Thursday, December 11, 2008

Baked Lemon Pudding

This came out a lot like a souffle. Not my favorite...

Baked Lemon Pudding

3 eggs, separated
2 tsp. grated lemon rind
1 ½ c. milk
¼ c. fresh lemon juice
2 tsp. butter or margarine, melted
1 ½ c. sugar, divided
½ c. all-purpose flour
½ tsp. baking powder
¼ tsp. salt
Whipped cream
Garnish: grated lemon zest, fresh blueberries

Beat egg yolks at medium speed with an electric mixer until thick and pale; add lemon rind and next 3 ingredients, beating well.
Combine 1 c. sugar and next 3 ingredients; add to lemon mixture, beating until smooth.
Beat egg whites until soft peaks form; add remaining ½ c. sugar and beat until blended.

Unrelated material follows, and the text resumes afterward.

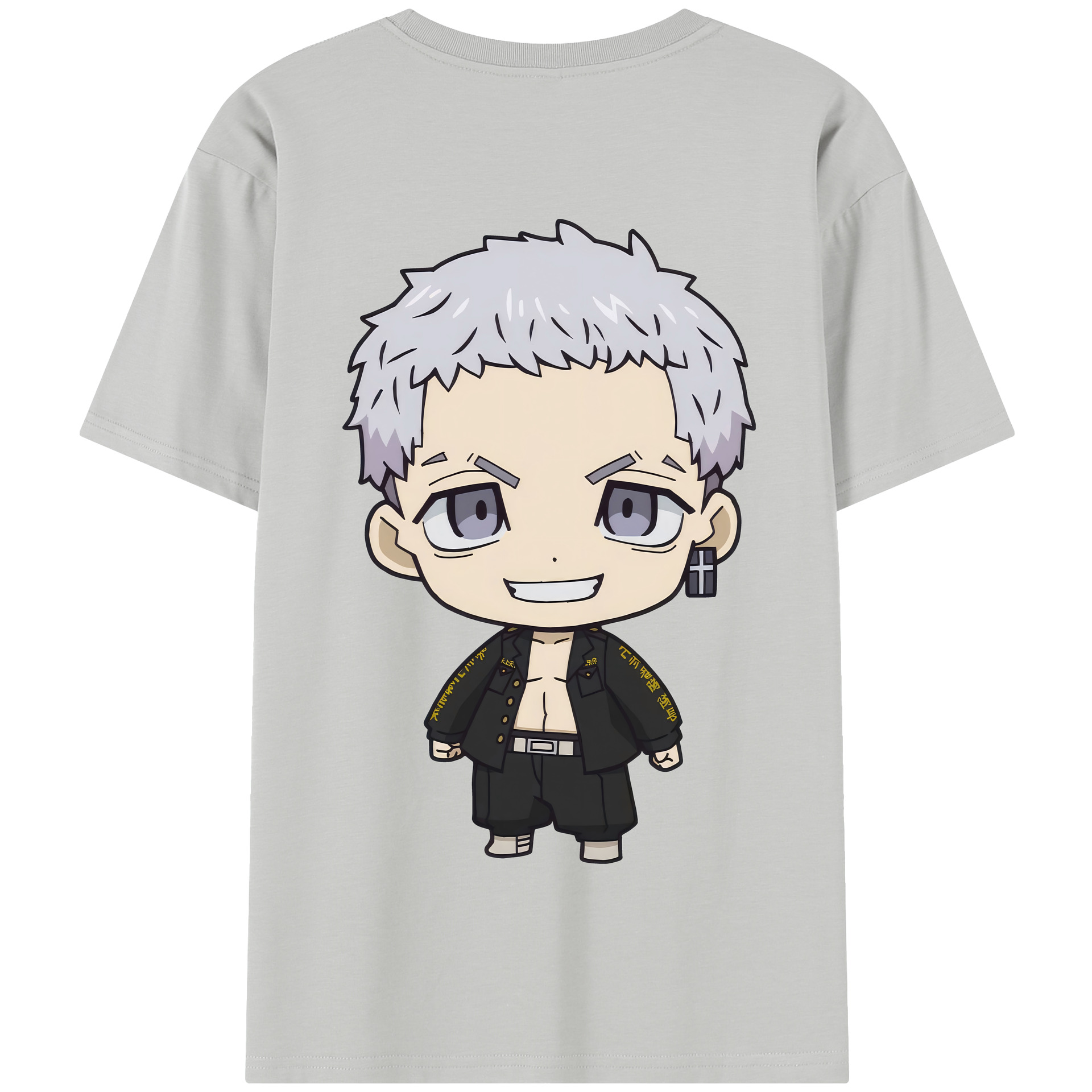 （画像用） 東京リベンジャーズ Tokyo Revengers 綿100％半袖Tシャツ（背面プリント）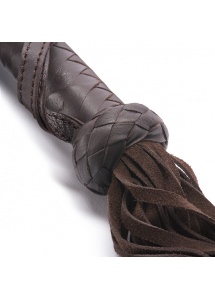 Luksusowy pejcz skórzany - Coco de Mer Leather Flogger Brown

Fold into lemon mixture. Pour into greased 2-quart baking dish. Place baking dish in a large shallow pan. Add hot water to pan to depth of 1”.
Bake at 350˚ for 45 minutes or just until center is set. Remove baking dish from water bath; cool completely on a wire rack. Cover and chill at least 1 hour. Top with whipped cream, and garnish, if desired.